Thanks! I appreciate the info! So I do know I will have to get a bigger tank if I want to keep these guys---I also have already worked out an exchange program with my local shop if I want as well. I haven't decided for sure what I am going to do as most of this I did on a whim. Another question though now that I'm thinking about it.

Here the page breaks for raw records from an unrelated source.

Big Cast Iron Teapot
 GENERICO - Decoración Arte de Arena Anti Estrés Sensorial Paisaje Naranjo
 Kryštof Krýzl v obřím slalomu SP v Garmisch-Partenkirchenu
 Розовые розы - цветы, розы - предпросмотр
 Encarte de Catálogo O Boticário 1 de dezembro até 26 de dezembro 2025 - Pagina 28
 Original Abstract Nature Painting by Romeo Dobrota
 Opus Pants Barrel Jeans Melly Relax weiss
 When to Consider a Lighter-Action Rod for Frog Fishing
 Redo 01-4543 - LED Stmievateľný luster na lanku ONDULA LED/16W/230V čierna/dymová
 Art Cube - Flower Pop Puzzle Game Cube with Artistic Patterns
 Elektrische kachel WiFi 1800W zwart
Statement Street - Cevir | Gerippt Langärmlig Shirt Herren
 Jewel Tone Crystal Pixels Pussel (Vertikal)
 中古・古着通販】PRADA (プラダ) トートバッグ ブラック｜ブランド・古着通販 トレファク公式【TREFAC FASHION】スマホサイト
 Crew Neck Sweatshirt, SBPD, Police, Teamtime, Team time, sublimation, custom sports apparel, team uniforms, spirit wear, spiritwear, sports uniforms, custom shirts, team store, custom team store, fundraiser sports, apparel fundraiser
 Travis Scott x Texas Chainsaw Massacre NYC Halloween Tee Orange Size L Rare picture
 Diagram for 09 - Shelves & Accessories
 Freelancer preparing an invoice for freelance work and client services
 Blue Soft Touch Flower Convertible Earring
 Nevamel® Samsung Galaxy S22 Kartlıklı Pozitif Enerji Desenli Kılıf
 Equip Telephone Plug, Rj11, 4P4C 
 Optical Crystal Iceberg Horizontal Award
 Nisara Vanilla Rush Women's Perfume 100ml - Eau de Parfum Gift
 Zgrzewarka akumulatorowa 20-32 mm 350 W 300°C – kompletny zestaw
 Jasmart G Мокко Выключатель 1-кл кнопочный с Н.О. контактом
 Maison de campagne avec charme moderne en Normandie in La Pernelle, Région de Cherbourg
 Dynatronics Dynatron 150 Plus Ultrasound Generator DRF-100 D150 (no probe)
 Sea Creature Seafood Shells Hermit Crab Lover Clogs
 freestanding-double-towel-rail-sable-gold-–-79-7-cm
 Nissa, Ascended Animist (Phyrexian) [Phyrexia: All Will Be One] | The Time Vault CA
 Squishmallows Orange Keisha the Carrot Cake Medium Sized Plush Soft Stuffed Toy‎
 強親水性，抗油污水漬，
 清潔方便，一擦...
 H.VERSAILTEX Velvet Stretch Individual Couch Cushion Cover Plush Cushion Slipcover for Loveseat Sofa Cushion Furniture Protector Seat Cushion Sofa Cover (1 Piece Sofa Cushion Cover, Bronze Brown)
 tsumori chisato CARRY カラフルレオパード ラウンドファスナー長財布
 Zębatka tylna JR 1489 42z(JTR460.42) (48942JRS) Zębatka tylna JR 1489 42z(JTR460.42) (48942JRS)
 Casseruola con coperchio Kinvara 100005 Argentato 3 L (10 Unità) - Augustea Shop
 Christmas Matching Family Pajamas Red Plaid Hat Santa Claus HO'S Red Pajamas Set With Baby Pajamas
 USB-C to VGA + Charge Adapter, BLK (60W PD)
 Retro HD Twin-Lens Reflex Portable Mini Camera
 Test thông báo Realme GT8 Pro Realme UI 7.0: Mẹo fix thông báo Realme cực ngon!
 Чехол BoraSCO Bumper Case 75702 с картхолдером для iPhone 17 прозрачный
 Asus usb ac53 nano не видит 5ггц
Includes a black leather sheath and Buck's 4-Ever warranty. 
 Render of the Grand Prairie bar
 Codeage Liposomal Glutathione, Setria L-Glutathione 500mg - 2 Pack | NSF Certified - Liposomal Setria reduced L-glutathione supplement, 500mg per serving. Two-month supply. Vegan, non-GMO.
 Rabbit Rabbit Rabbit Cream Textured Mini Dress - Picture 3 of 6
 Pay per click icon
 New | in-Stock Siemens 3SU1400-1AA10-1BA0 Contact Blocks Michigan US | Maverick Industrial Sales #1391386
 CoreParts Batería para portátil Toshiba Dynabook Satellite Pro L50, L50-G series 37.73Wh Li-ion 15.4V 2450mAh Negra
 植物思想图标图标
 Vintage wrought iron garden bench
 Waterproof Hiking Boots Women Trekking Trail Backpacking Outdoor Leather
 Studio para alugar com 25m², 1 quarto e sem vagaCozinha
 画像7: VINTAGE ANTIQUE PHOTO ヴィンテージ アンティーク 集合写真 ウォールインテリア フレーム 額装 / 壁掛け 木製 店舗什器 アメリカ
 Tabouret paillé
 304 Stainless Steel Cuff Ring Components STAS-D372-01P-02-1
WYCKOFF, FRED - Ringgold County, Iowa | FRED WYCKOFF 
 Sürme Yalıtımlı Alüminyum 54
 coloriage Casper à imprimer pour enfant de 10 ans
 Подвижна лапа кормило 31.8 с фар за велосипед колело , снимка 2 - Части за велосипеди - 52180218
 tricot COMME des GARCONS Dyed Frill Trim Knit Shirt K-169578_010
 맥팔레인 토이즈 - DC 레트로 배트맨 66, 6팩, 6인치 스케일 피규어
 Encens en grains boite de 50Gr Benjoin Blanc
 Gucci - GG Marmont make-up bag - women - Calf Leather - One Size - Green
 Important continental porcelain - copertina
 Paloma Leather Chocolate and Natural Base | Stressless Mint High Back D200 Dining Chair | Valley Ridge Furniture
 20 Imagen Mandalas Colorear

As far as the peacock, moori and duboisi go (these are the three I'm keeping in there now as I moved the johanni) do they need the space because of their aggressiveness or just in general for excercise and good health? And I know they will get more aggressive as they get older (at least I think) any idea as too how long they can remain in the 29 roughly?


----------



## jahweedum (Sep 14, 2012)

And here's the tank I have set up. Too much stuff in it? I have two 40 gallon out of tank filters and two air pumps running as well. And yes I'm a newb so please feel free to point out anything stupid I've done or any advice you think I should know. Appreciate it!


----------



## DJRansome (Oct 29, 2005)

I would not keep them in a 29G beyond the 3-week quarantine period, or if they are very small, possibly while they grow out to about 1.5".

If the moorii is a tropheus, I don't think the peacock will be happy with them either.


----------



## Fogelhund (Dec 3, 2002)

The moori is likely Cyrtocara.


----------



## cichlid-gal (Apr 27, 2012)

jahweedum said:


> So I got this guy first--not knowing they are seemingly so much more aggressive. I have four cichlids and one pleco in a 29 gallon---none of them are more than 1.5-2". A Dubosi, Moorii, Peacock, and the Johanni. Will the Johanni settle down eventually or is he just gonna take over the tank? The other three obviously keep out of its way and keep to small sections of the tank---they are much more active and will roam the entire tank when I take the Johanni out. Any suggestions or advice? Or should I just take the Johanni out and put him in his own tank? Thanks!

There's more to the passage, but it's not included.